– Только помните, – прибавил он, – мы должны не только строить новое общество, но прежде всего бороться со старым. Из опасных идей приобщайтесь к опаснейшей, объединяйте и двигайте обнищавшие массы к захвату власти, к победе над всеми благоденствующими и властвующими в этом дряхлом и все еще живучем феодальном мире. Я читал в одной вашей повести прекрасное описание петербургской окраины – ветхие избенки вместо богатых домов, колоссальные здания под фабриками, уродливые, почерневшие, кроваво-красные, с длинными трубами, – и все вокруг них безлюдно и пусто, угрюмо и неприязненно. Вы еле коснулись величайшей из тем. Овладейте ею. Покажите всем эти колоссальные уродливые красные здания с длинными черными трубами – эти призрачные гигантские руки нищеты, с угрозой взнесенные над мраморными дворцами и гвардейскими казармами резиденций. Проникнитесь всемирно-исторической ролью этих нищих работников, призванных освободить угнетенных и создать новый человеческий строй.
Было за полночь. Единственная свеча на столе ярко догорала, отбрасывая резкие тени. Лицо Спешнева, освещенное сбоку и даже несколько сзади, выступало из глубокого комнатного мрака лишь несколькими светлыми пятнами. Резкость светотеней по-новому обрисовывала эту отточенную голову, сообщая неожиданную энергию и устремленность его светоносному взгляду. Нежное фарфоровое чело, казалось, наливалось тяжелой бронзой, крепло и закалялось. Неподвижное лицо загадочного созерцателя являло черты бойца и бесстрашного предводителя вооруженных толп.
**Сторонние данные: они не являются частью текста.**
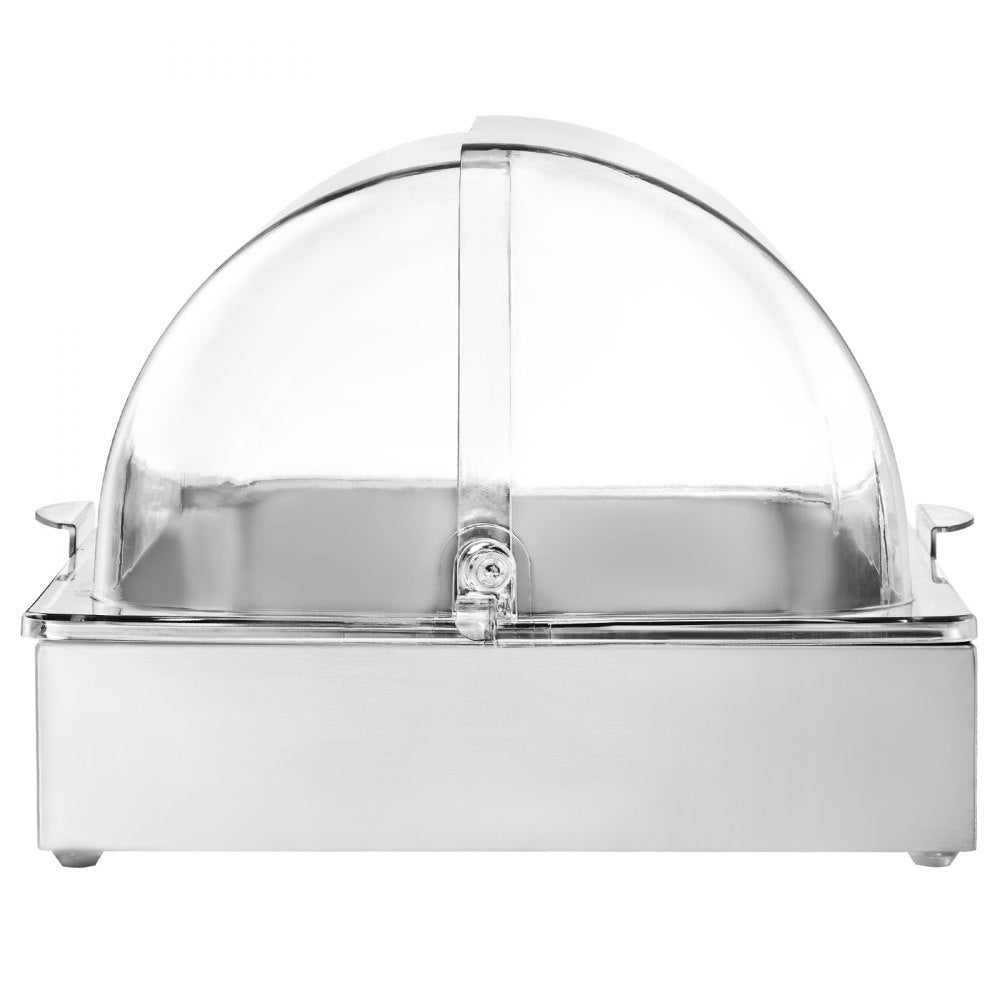 VEVOR Countertop Food Serving Display Container, 1 x 1 Pan Stainless Steel Food Serving Tray, Buffet Condiment Dispenser Display Rack with Clear Lid & 3 Ice Trays, for Restaurant Hotel Kitchen Party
Впечатление это, впрочем, длилось лишь несколько мгновений. Он быстро повернулся к столу, и бледный свет сразу похитил этот резкий и пасмурный очерк. Передо мною снова был иронический галилеянин, кроткий Люцифер или сострадательный Мефистофель.
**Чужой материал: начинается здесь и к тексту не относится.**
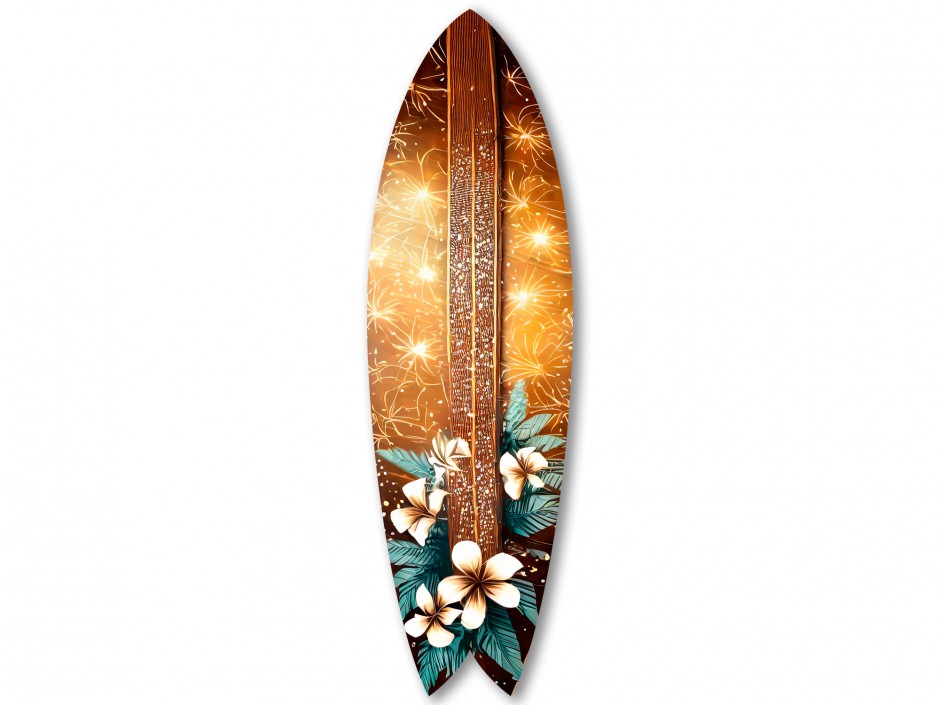 Planche de surf décorative design fleur hawaienne 3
Свеча вспыхивала, потрескивала и гасла. Я встал, чтоб уйти.
– Да сбудутся наши планы, – сказал я ему на прощание, пожимая руку.
Кто мог думать, что уже все было безвозвратно и безнадежно подорвано? Ему не пришлось повести освободительные армии на штурм феодальных твердынь, мне не привелось афильировать поэтов и художников к нашему тайному союзу. В этот вечер мы, в сущности, навсегда простились с Николаем Спешневым. Мне суждено было еще несколько раз встретиться с ним, но уже в самых необычайных и печальных обстоятельствах. Быть может, когда-нибудь я и расскажу о наших последних встречах, когда жизнь так безжалостно разламывала нашу молодую судьбу, но на этом я теперь закончу мои беглые и отрывочные воспоминания об одном неразгаданном человеке, имевшем столь неотразимое влияние на мою развивающуюся мысль и совесть.
Двадцать второе декабря
Я сегодня ночью видел во сне отца, но в таком ужасном виде, в каком он два раза только являлся мне в жизни, предрекая грозную беду, и два раза сновиденье сбылось.
Письмо Достоевского.
28 апреля 1871
Восемь месяцев в крепости.
Неизвестность, молчание, одиночество. Через три дня Рождество. Сколько еще будет тянуться это безмолвное, гнетущее заточенье?
Отупенье и безразличье ко всему. Мешком валится на койку. Где-то по соседству уныло брякает приклад. В дверном глазку, продолговатом и узком, – переносица и брови караульного. Где-то высоко-высоко, сквозь плотную дымку, запевают куранты, медленно звонят колокольцы.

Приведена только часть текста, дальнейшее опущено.